In State v. Gates, 246 Iowa 344, 350, 351, 67 N.W.2d 579, 583, we quoted with approval from Vol. 2 Wharton's Criminal Evidence, 11th Ed., page 1293: "If a question of fact as to the connection of the articles sought to be admitted with the defendant or the crime is raised, the evidence should be admitted for the determination of the jury. The lack of positive identification in such a case affects the weight of the article or substance as evidence, rather than its admissibility." It is true this refers to what is known as demonstrative evidence; but that the rule is not different generally, see State v. Sedig, where we said: "Circumstantial evidence is admissible where it leads to a reasonable inference and not a mere suspicion of the existence of the fact sought to be proven. The trial court usually has considerable discretion in ruling on the admissibility of circumstantial evidence. A wide latitude is generally allowed in admitting it where direct evidence is lacking to establish a party's theory." (Citing authorities). State v. Sedig, supra, 235 Iowa 609, 616, 617, 16 N.W.2d 247, 251. Under the circumstances shown here, it seems entirely proper that the jury was permitted to know of and to consider the purchase of the three automobiles within a few days after the theft of the sum of $40,000, and the possession of the sum of $9,300 by Gossett. The ordinary experience of men tells that these were unusual happenings, and the jury was properly allowed to draw the inference, if it saw fit, that they were connected with the burglary and represented a disbursement of the proceeds of the crime. It is true the money in Gossett's possession was not in bills of the same denomination as those stolen, at least not entirely. But money is easily changed from one form to another, and Gossett had had many days to convert it if he elected so to do. We think the evidence admissible for such weight as the jury might decide to give it. We have here ample evidence, not all of which is set out in this opinion, to connect the defendant, Gossett, and Clay, with the burglary; we see nothing unfair in showing their purchases of cars immediately following or in permitting the jury to draw the inference, which ordinary reasonable men might draw, that these were bought with a part of the "fruits of the crime."

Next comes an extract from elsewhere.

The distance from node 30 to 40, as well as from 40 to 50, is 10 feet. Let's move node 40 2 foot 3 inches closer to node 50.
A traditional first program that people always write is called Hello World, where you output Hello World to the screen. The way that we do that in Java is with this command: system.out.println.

IV. The testimony of Booker T. Jones was admitted over objection, and error is predicated. The same contention is made: that is, that the evidence so introduced shows acts and declarations of the conspirator Clay, not in the presence of the defendant, and after the commission of the crime; and so was incompetent and prejudicial. Some additional facts should here be stated. One James Davis testified for the state that late on October 4 he saw the defendant, with Gossett and Clay, and they told him they had left something in his garage and "would get it out tomorrow". On the next day he saw the three *246 in his garage. They were hammering on a safe, which he thought was the same safe in evidence. The next morning the safe was gone, and there were pieces of concrete on the floor. Jones testified that on October 5 Clay borrowed his automobile, for the ostensible purpose of taking his family to a drive-in theater. It was returned on October 6. He had never carried a safe or concrete blocks in the trunk of his car.

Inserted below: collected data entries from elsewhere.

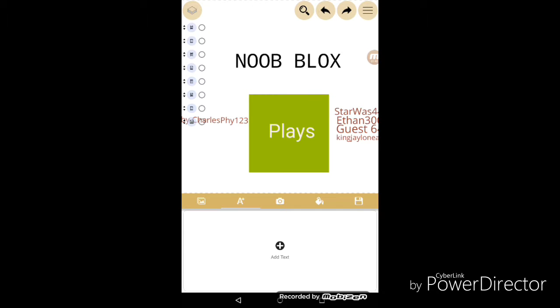If this is a noobs, by the way, it's also Roblox.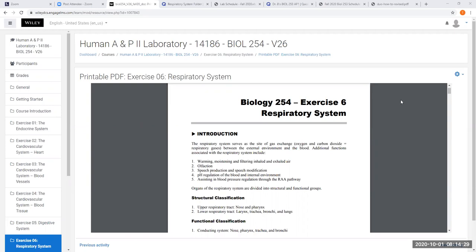Let's go over the functions of the respiratory system. Stating the obvious, your respiratory system allows you to take air in and out of your lungs for gas exchange — we want to load the blood with oxygen when we breathe in and remove carbon dioxide when we breathe out. The respiratory system also warms, moistens, and filters inhaled air, removing dirt, debris, dust, and microbes so they don't reach the deep parts of the lungs.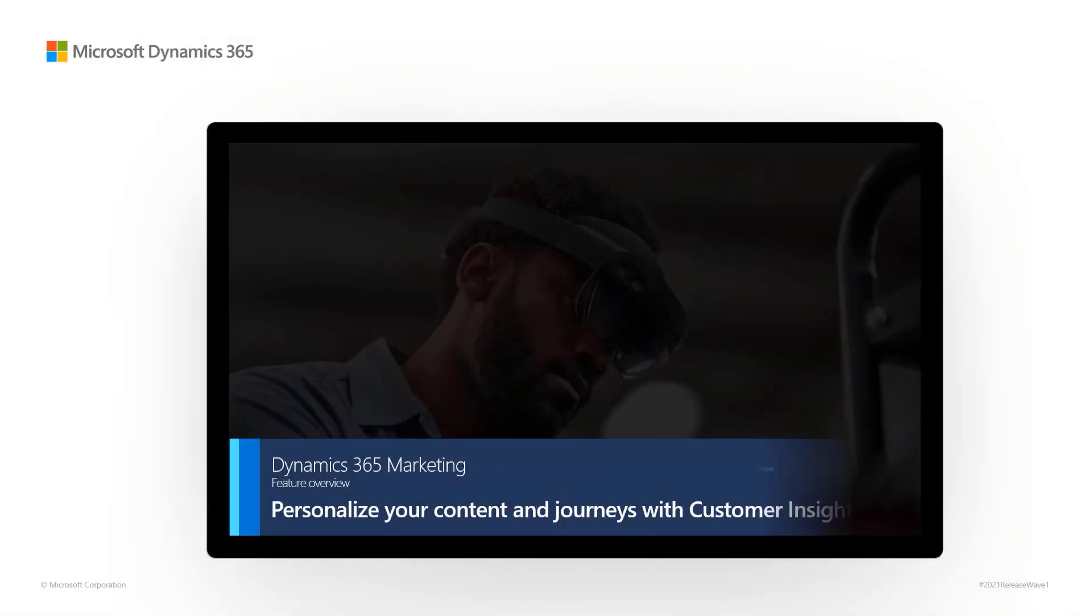Dynamics 365 Marketing. Feature Overview. Personalize your content and journeys with customer insights.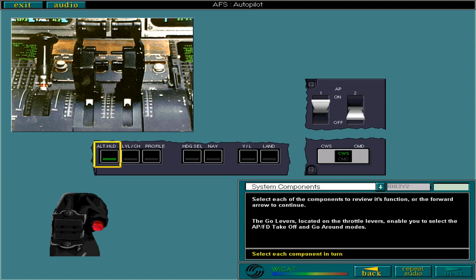You've already seen the APFD mode selector push buttons. When used to select a mode, the push button illuminates, as you see here. Any flight director mode can be engaged, as the FD works independently of the autopilot.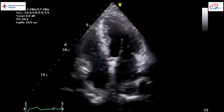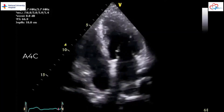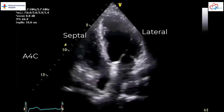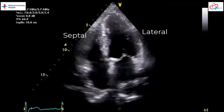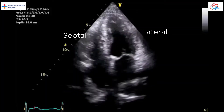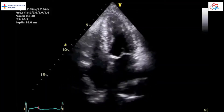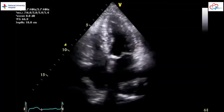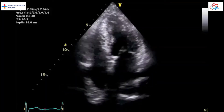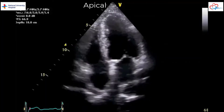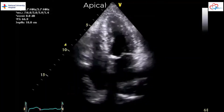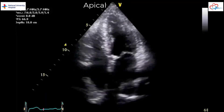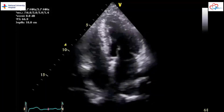In the apical four-chamber view, we have the LV septal and lateral walls. The lateral wall is supplied by the circumflex artery, whilst the septal wall is supplied by the RCA and LAD. The apical cap is supplied by the LAD. LV systolic function is normal here, and there is no RWMA.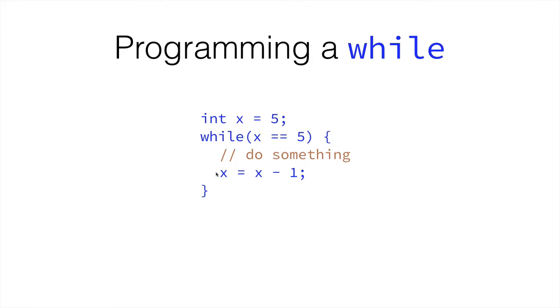Okay? So, x is now 4. Then we go back to the top. Is x equal 5? The answer is no. x is not equal 5. It is 4.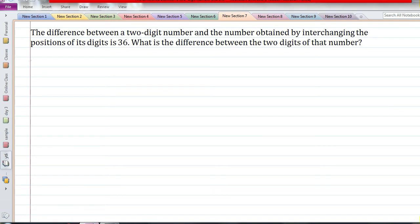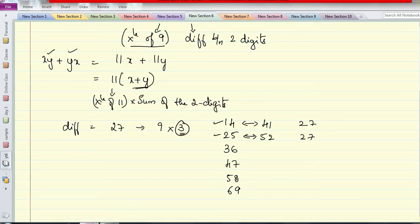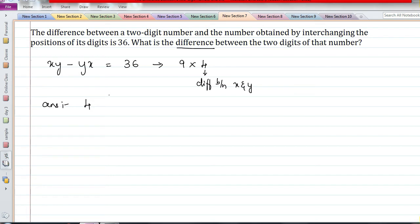Question: the difference between a two-digit number and the number obtained by interchanging the position of its digits is 36. What is the difference between the two digits of that number? Our two-digit number is XY, we subtract its reverse and get 36. Since 36 equals 9 into 4, this 4 is the difference between X and Y — that is the answer. They haven't asked for the actual number; they've only asked for the difference between the digits, which is 4.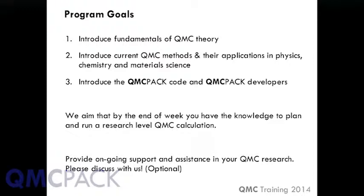We're going to be applying these through the QMCPACK code, and a key part of that is that many of the QMCPACK developers are here, so there's an opportunity to discuss. We have a very ambitious goal: by the end of the week, you will have the knowledge to plan and run a research-level QMC calculation.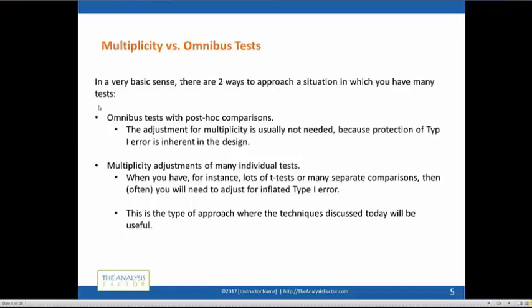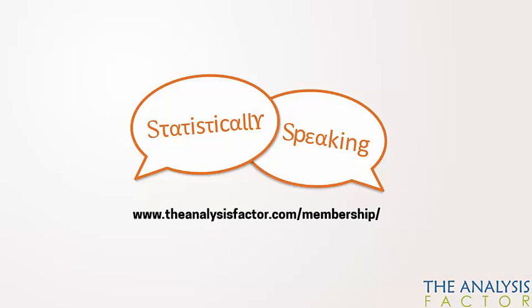There are two ways to approach the situation: the omnibus with post hoc. With an ANOVA you'll go in and look at your pairwise tests. With regression you'll have your overall model significance — the omnibus — and then you get to go look at your coefficients.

There was other evidence that particles of paint and concrete were found in the trunk of the Jones car shortly after it had been borrowed by Clay. These were analyzed at the laboratories of the Federal Bureau of Investigation in Washington, D. C., and two experts from this organization testified that these came from the safe which had been stolen and later found in a dump by Des Moines police officers.

The objection to Jones' testimony is that it concerned an act of a conspiratorClay, after the commission of the crime and when the defendant was not present. Here counsel misconceives the significance of the evidence. Clay's declarations and acts were not made and done after the completion of the crime. It was a part of the crime to dispose of material evidence which might connect the criminals with the criminal act. This seems so evident that citation of authority is unnecessary; but we find an identical situation has been passed upon by this court, in State v. Struble, 71 Iowa 11, 15, 16, 32 N.W. 1, 3. There a dwelling house had been entered by three men, and a trunk taken therefrom. Two of the conspirators, other than the defendant, were seen later the same night driving a buggy near the place where the discarded trunk was found. The same objection was made there as here. But we said: "Now, if they did this, their acts on the same night about two hours after the burglary, in endeavoring to mislead and avert suspicion by the guilty parties, by depositing the trunk in a remote place, was a part of the transaction in which the burglary was committed."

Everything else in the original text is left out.